In addition to the ICU findings, the report found that about 60,000 bloodstream infections in patients with central lines occurred in non-ICU health care settings such as hospital wards and kidney dialysis clinics. About 23,000 of these occurred in non-ICU patients (2009) and about 37,000 infections occurred in dialysis clinics patients (2008).

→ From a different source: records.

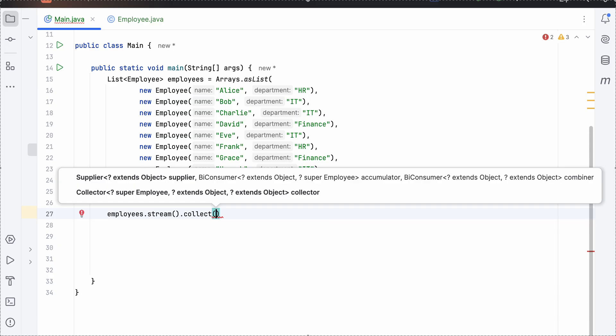So the first thing that we need to do is we need to group all the departments together, the common one, right? We need to group common departments together. So for that, we will use collectors.groupingBy.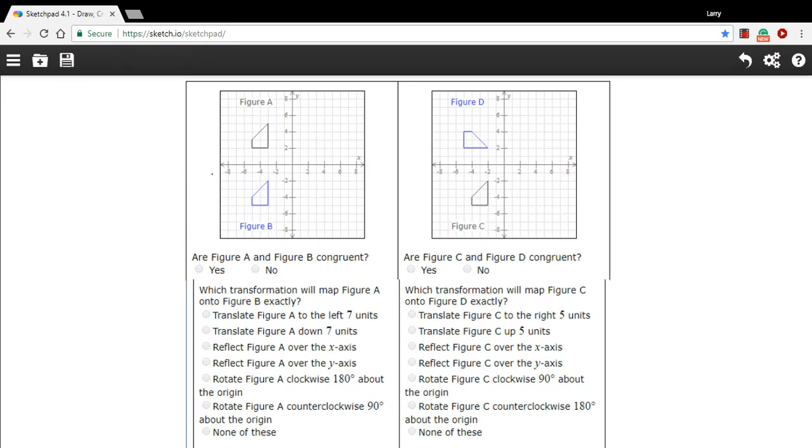In this problem, we're being asked to determine if two figures are congruent, and then if they're related by a transformation. That is, if some kind of translation or reflection or rotation could map one figure onto the other.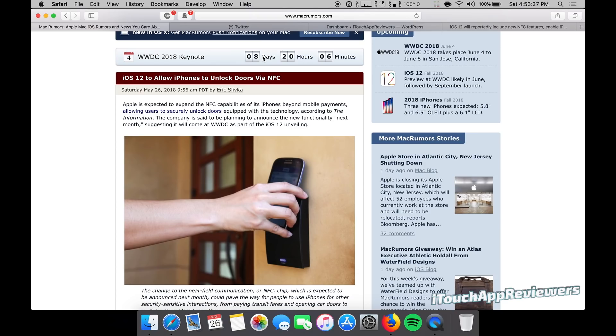Hey guys, what's up? Welcome back to iTouch App Reviewers. We are just over eight days from WWDC 2018, so just wanted to put that out there because I'm getting super excited about it.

“This reduction is the result of hospital, local, state and national medical and public health efforts focused on tracking infection rates and then using that information to tailor and evaluate prevention programs,” said Denise Cardo, M.D., director of CDC’s Division of Healthcare Quality Promotion. “The report findings point to a clear need for action beyond ICUs. Fortunately, we have a prevention model focused on full collaboration that can be applied broadly to maximize prevention efforts.”
Infections are one of the leading causes of hospitalization and death for hemodialysis patients. At any given time, about 350,000 people are receiving hemodialysis treatment for kidney failure. Seven in 10 patients who receive dialysis begin that treatment through a central line….
Related Articles
- Patient Safety Awareness Week 3: Positive News on Infections, More Work Needed (hcfama.org)
- Rates of Pneumonia Dramatically Reduced in Patients on Ventilators in Michigan Intensive Care Units (nlm.nih.gov)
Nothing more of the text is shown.